Kernel<<< grid, threads >>> ( nx, tend, f0);

//printf("Processing time: %f (ms)\n", cutGetTimerValue(timer));
ftime = cutGetTimerValue(timer);
ftime /= 1000.0; 
flops = pow(1.0*tend,2.0)*(2*16.0*nx*ny) / (1.0E9*ftime);
printf("Processing time: %f sec\n", ftime);
printf("GigaFlops: %f\n", flops);


You have too many local variables. I suppose that the part from them is placed in the device memory. Try to reduce amount of local variables and use shared memory.

Looks like you have much more than 10 registers, which is a must for 100% occupancy. Try using the CUDA profiler to check you occupancy. If it is 0.66, you have your answer.



  • I reduced the amount of local variables
  • I shifted variables to shared memory

but I can not get more than 220 GFLOPS …

Is there a code snippet somewhere showing that it is possible to reach

Thank you for your help!

I’m not sure occupancy is the problem (above some minimum value, I’d guess a warp, more threads helps if you have to access global memory or you have read-after-write dependencies). How many threads do you have per block?

Also, putting variables into shared memory vs registers would slow things down a bit since now you have assembly instructions to load/store from shared mem.

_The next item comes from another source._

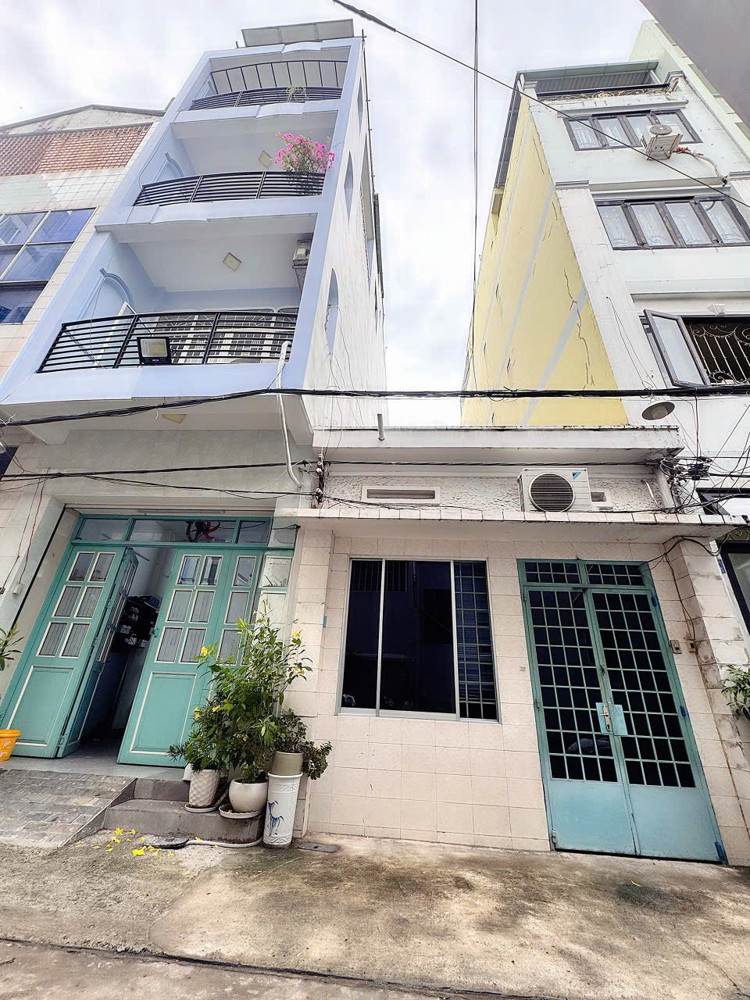 CHÍNH CHỦ 1 ĐỜI SỔ - BÁN NHÀ 2 TẦNG XE HƠI NGỦ TRONG NHÀ Đ.ĐINH CÔNG TRÁNG, QUẬN 1 - NGANG ĐẸP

I tried a lot of combinations

  • not shared memory at all and using 1/4/8 local variables
  • shared memory for local variables 8/16/32
  • number of threads ranging from 64/128/192/256

But it was not possible for me to surpass 220 GIGAFLOP …

Just to mention:
I Find CUDA fantastic and I have implemented Lattice-Boltzmann simulator (Fluid mechanis) on it. I can exlore the memory bandwidth up to 40GB/sec, which is a very good value resulting in incredible high update rates. But I want to computed some tables who give the exploitation of hardware in percent, where as basis I want to use achievable (not theoretical) values. For simple memory copy I was able to get 72 GB/sec, which is a good vaue. But with the peak perf. I think more should be possible …

when doing



Kernel<<< grid, threads >>> ( nx, tend, f0);


if (assuming) … does not call into the runtime, you start

the timer, before your very first call into the runtime.

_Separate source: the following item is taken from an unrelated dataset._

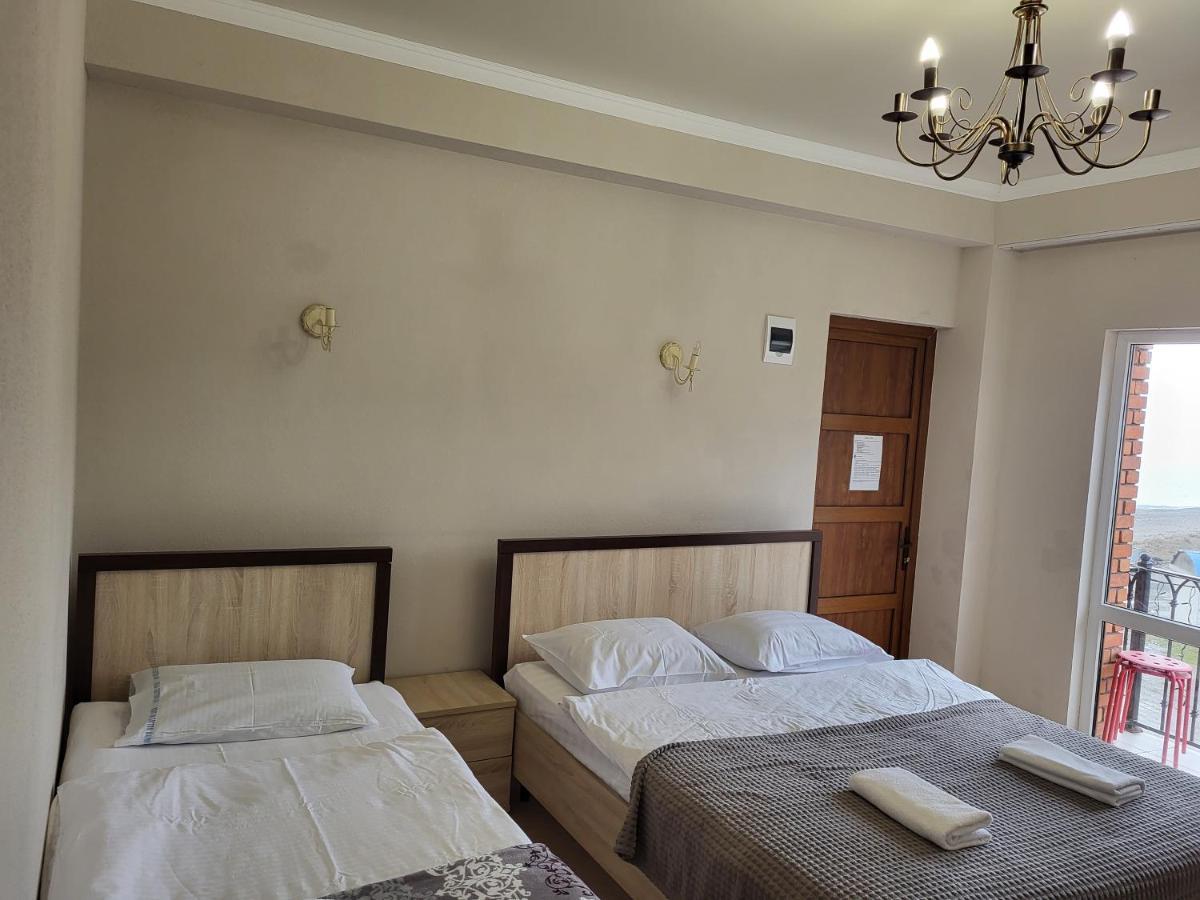 Arsaul Hotel New Athos Luaran gambar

Since the runtime initializes itself when called, you’re timing a lot

of stuff you’re not interested in

try the cudaConfigureCall, cudaSetupArgument and cudaLaunch

routines and start the timer before the cudaLaunch.

For even better results, use the driver API in stead of the runtime API.

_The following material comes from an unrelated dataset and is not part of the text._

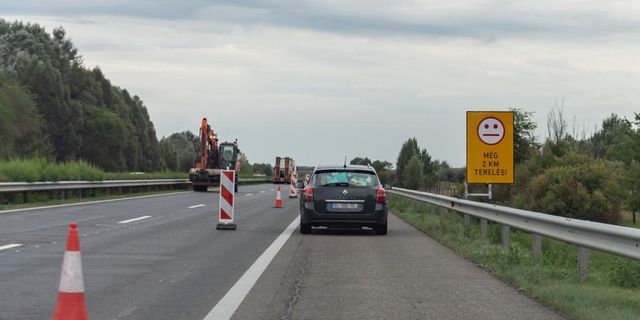 Többautós ütközések két autópályán, lelassult a közlekedés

When I did my bandwidth testing benchmarks, I found that using the GPU time returned by the profiler is, in the case of smaller kernels, much shorter than the time recorded using the cutEndTimer - cutStartTimer. When timing my code I have a script that reads the values directly from the cuda_profiler.txt, and I kind of stopped using timers in the code. How about using those values, still 220GFlops ?

I know it’s about 2 1/2 years later, but do you still have the complete code you posted? If you do, could you e-mail it to me? I’m using a 320MB nVIDIA 8800GTS, and unless I’m counting FLOPS wrong, I’m stuck at about 4 GFLOPS. Your code might show me how to get past that. Thanks.